Given two nonempty and disjoint intersections of closed and convex subsets, we look for a best approximation pair relative to them, i.e., a pair of points, one in each intersection, attaining the minimum distance between the disjoint intersections. We propose an iterative process based on projections onto the subsets which generate the intersections. The process is inspired by the Halpern-Lions-Wittmann-Bauschke algorithm and the classical alternating process of Cheney and Goldstein, and its advantage is that there is no need to project onto the intersections themselves, a task which can be rather demanding. We prove that under certain conditions the two interlaced subsequences converge to a best approximation pair. These conditions hold, in particular, when the space is Euclidean and the subsets which generate the intersections are compact and strictly convex. Our result extends the one of Aharoni, Censor and Jiang ["Finding a best approximation pair of points for two polyhedra", Computational Optimization and Applications 71 (2018), 509--523] who considered the case of finite-dimensional polyhedra.
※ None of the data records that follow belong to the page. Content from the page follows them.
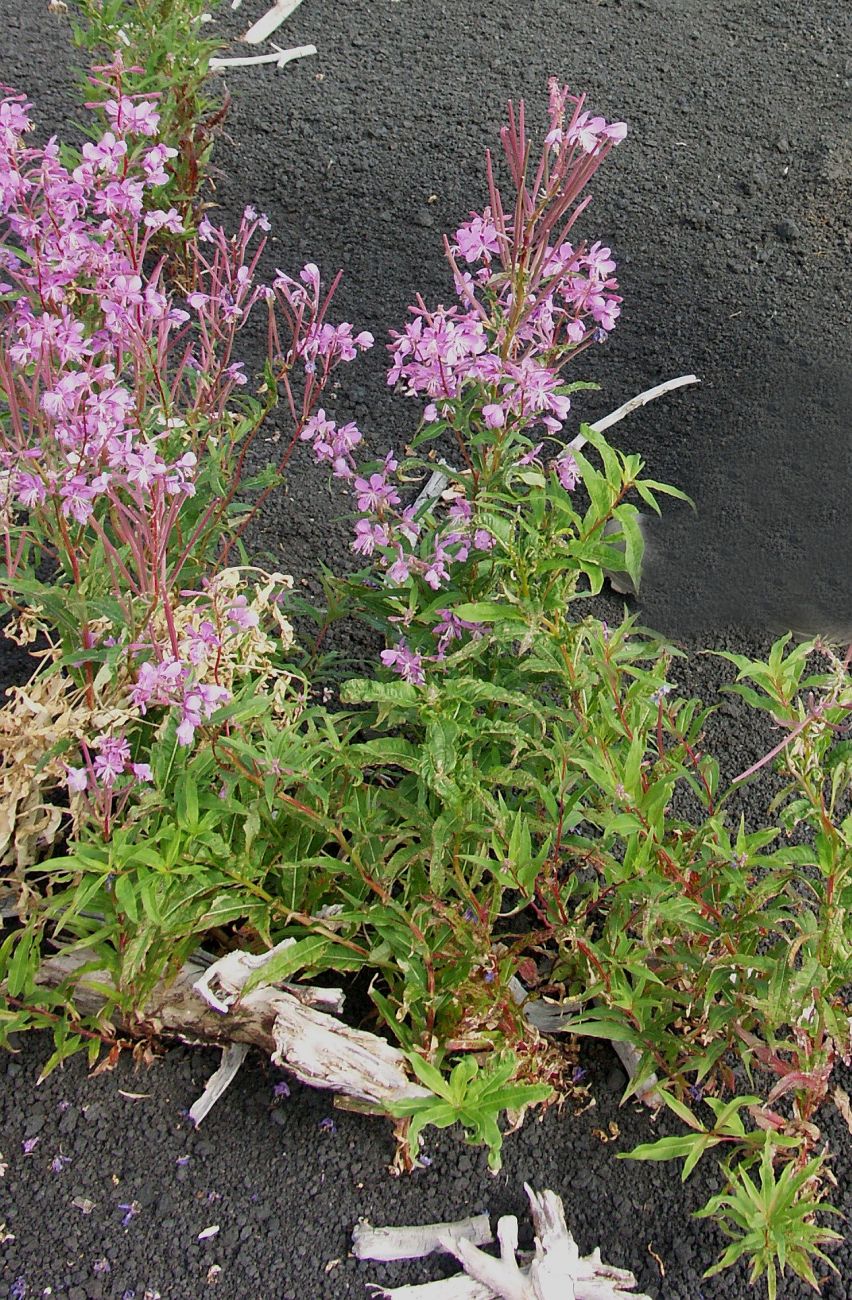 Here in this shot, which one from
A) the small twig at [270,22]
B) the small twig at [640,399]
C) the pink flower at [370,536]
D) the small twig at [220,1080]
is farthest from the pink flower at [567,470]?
the small twig at [270,22]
翻译：给定两个非空且不相交的闭凸子集的交集，我们寻找相对于它们的最佳逼近对，即分别位于两个交集中且达到不相交交集间最小距离的一对点。我们提出一种基于生成这些交集的子集投影的迭代过程。该过程受Halpern-Lions-Wittmann-Bauschke算法以及Cheney和Goldstein的经典交替过程启发，其优势在于无需直接投影到交集本身——这一任务通常相当困难。我们证明，在特定条件下，两个交织子序列收敛到最佳逼近对。这些条件在欧几里得空间且生成交集的子集为紧致严格凸集时成立。我们的结果推广了Aharoni、Censor和Jiang的结论（见《寻找两个多面体的最佳逼近点对》，Computational Optimization and Applications 71 (2018), 509--523），他们仅考虑了有限维多面体的情形。